Bir kadın sesi duyuyordum. Sanırım şarkı söylüyor. Anlamsızca kafamı sola çevirdiğimde çok uzakta bir mezar taşının yanından bana bakan beyaz elbiseli siyah saçlı bir kadın gördüğümde irkildim. Buradan gitme vaktim çoktan gelip geçmişti bile. Sadece orada duruyor ve bana bakıyor. Kim bu kadın ?

Adımlarımı hızlandırıp yürümeye hatta neredeyse koşmaya başladım. Arada kadına bakıyordum hala oradamı diye. Kafamın içindeki melodili ses git gide artıyordu. O mezar taşı arkada kalmıştı son bir defa kontrol edeyim diye arkama döndüğümde kadını orada göremedim. Arkama bakarak koşarken önümdeki taşı göremeyip takılıp yere düştüm. Kahretsin ! İşte bu acıttı.
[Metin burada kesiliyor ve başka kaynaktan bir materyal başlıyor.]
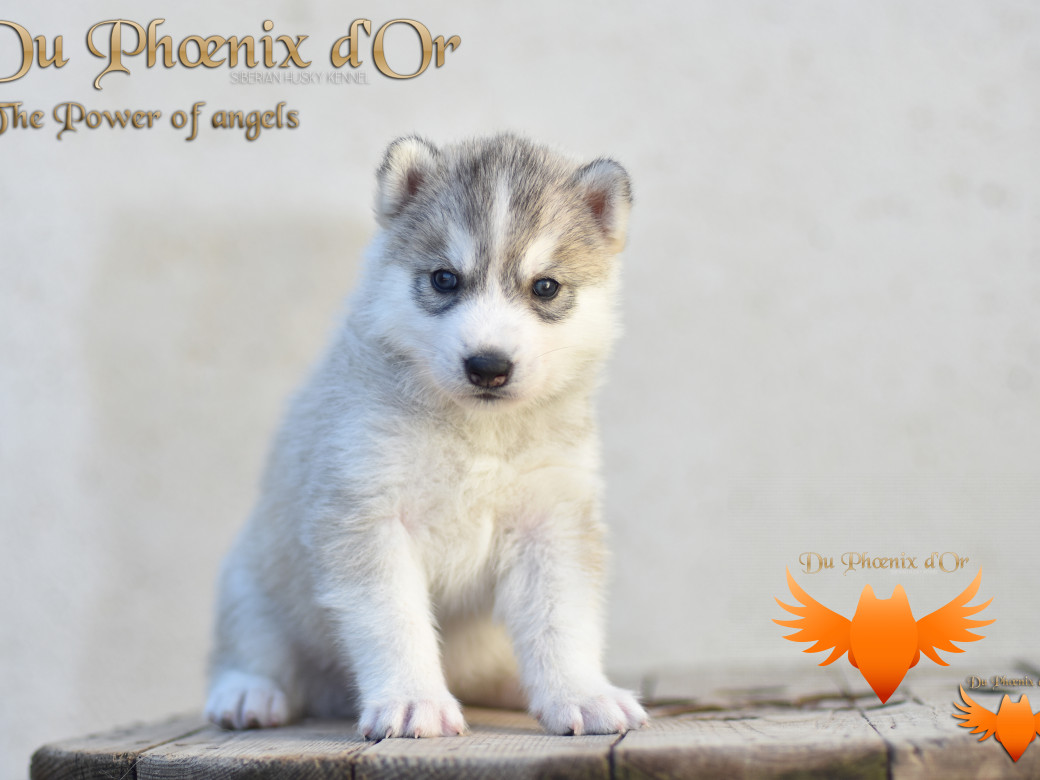 Photo 6 de The power of angels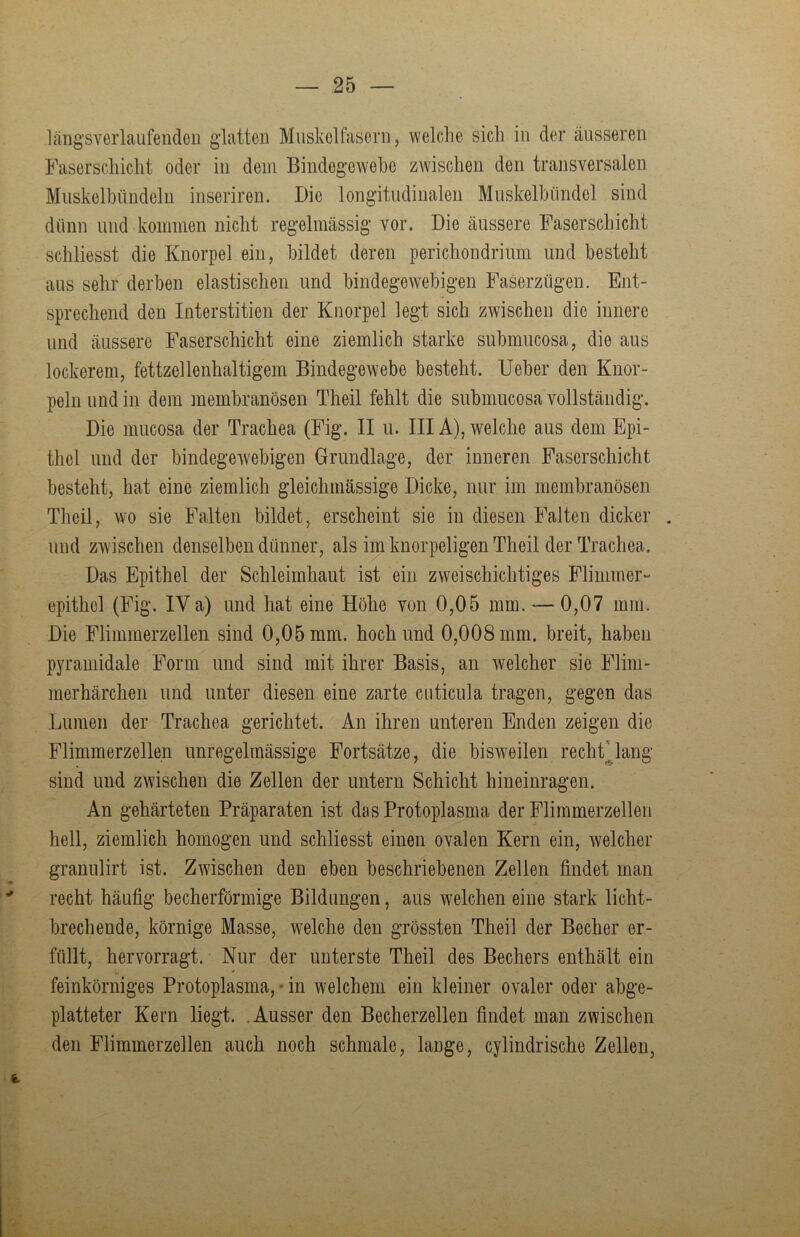 längs verlaufenden glatten Muskelfasern, welche sich in der äusseren Faserschicht oder in dem Bindegewebe zwischen den transversalen Muskelbündeln inseriren. Die longitudinalen Muskelbündel sind dünn und kommen nicht regelmässig vor. Die äussere Faserschicht schliesst die Knorpel ein, bildet deren perichondrium und besteht aus sehr derben elastischen und bindegewebigen Faserzügen. Ent- sprechend den Interstitien der Knorpel legt sich zwischen die innere und äussere Faserschicht eine ziemlich starke submucosa, die aus lockerem, fettzellenhaltigem Bindegewebe besteht, lieber den Knor- peln und in dem membranösen Theil fehlt die submucosa vollständig. Die mucosa der Trachea (Fig. II u. IIIA), welche aus dem Epi- thel und der bindegewebigen Grundlage, der inneren Faserschicht besteht, hat eine ziemlich gleichmässige Dicke, nur im membranösen Theil, wo sie Falten bildet, erscheint sie in diesen Falten dicker . und zwischen denselben dünner, als im knorpeligen Theil der Trachea. Das Epithel der Schleimhaut ist ein zweischichtiges Flimmer- epithel (Fig. IV a) und hat eine Höhe von 0,05 mm. — 0,07 mm. Die Flimmerzellen sind 0,05 mm. hoch und 0,008 mm. breit, haben pyramidale Form und sind mit ihrer Basis, an welcher sie Flim- merhärchen und unter diesen eine zarte cnticiila tragen, gegen das Lumen der Trachea gerichtet. An ihren unteren Enden zeigen die Flimmerzellen unregelmässige Fortsätze, die bisweilen rechf lang sind und zwischen die Zellen der untern Schicht hineinragen. An gehärteten Präparaten ist das Protoplasma der Flimmerzellen hell, ziemlich homogen und schliesst einen ovalen Kern ein, welcher granulirt ist. Zwischen den eben beschriebenen Zellen findet man ^ recht häufig becherförmige Bildungen, aus welchen eine stark licht- brechende, körnige Masse, welche den grössten Theil der Becher er- füllt, hervorragt. Nur der unterste Theil des Bechers enthält ein feinkörniges Protoplasma,' in welchem ein kleiner ovaler oder abge- platteter Kern liegt. .Ausser den Becherzellen findet man zwischen den Flimmerzellen auch noch schmale, lange, cylindrische Zellen,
Kafamın içindeki ses sustuğunda yavaşça kafamı kaldırdım. Burada bir şey beni izliyordu. Bir kadın ama sanki insan gibi değil.. Tarif edemiyorum. Ayağa kalkıp kendimden emin şekilde sırtımı dikleştirdim.

- Benden ne istiyorsun ?!

Harika.. Mezarlığın ortasında da bağırmadım demem. Ve soruma cevap gelmişti. İsmim rüzgarla birlikte her tarafta yankılanmıştı. Yine o kadın.

??: Liaaa-dan

İşte bu korkutucuydu çünkü yanımda biri olsa çok rahat her şeyi görebilirdi. Ve sanırım bayılırdı.. Sağıma soluma bakıyorum ama kimse görünmüyordu. Tanrım Klaus gibi kafayı yemiyorumdur umarım..

??: Banssss-heee

Dediklerine odaklanmaya çalıştım. Kaçmak yerine dinlemeyi tercih ettim.

??: Acele et !

??: ÇIĞLIK AT !

??: ÇIĞLIK AT DEDİM SANAAA !!

Aniden önümde beliren kadın az önce gördüğüm kadındı. Korkudan geri geri yürüdüğümde o ise üzerime yürümüştü. Bembeyaz yüzü, kapkara gözleri ile korkutucu görünüyordu. Hızlıca kolumu kavrayıp yeniden konuştu.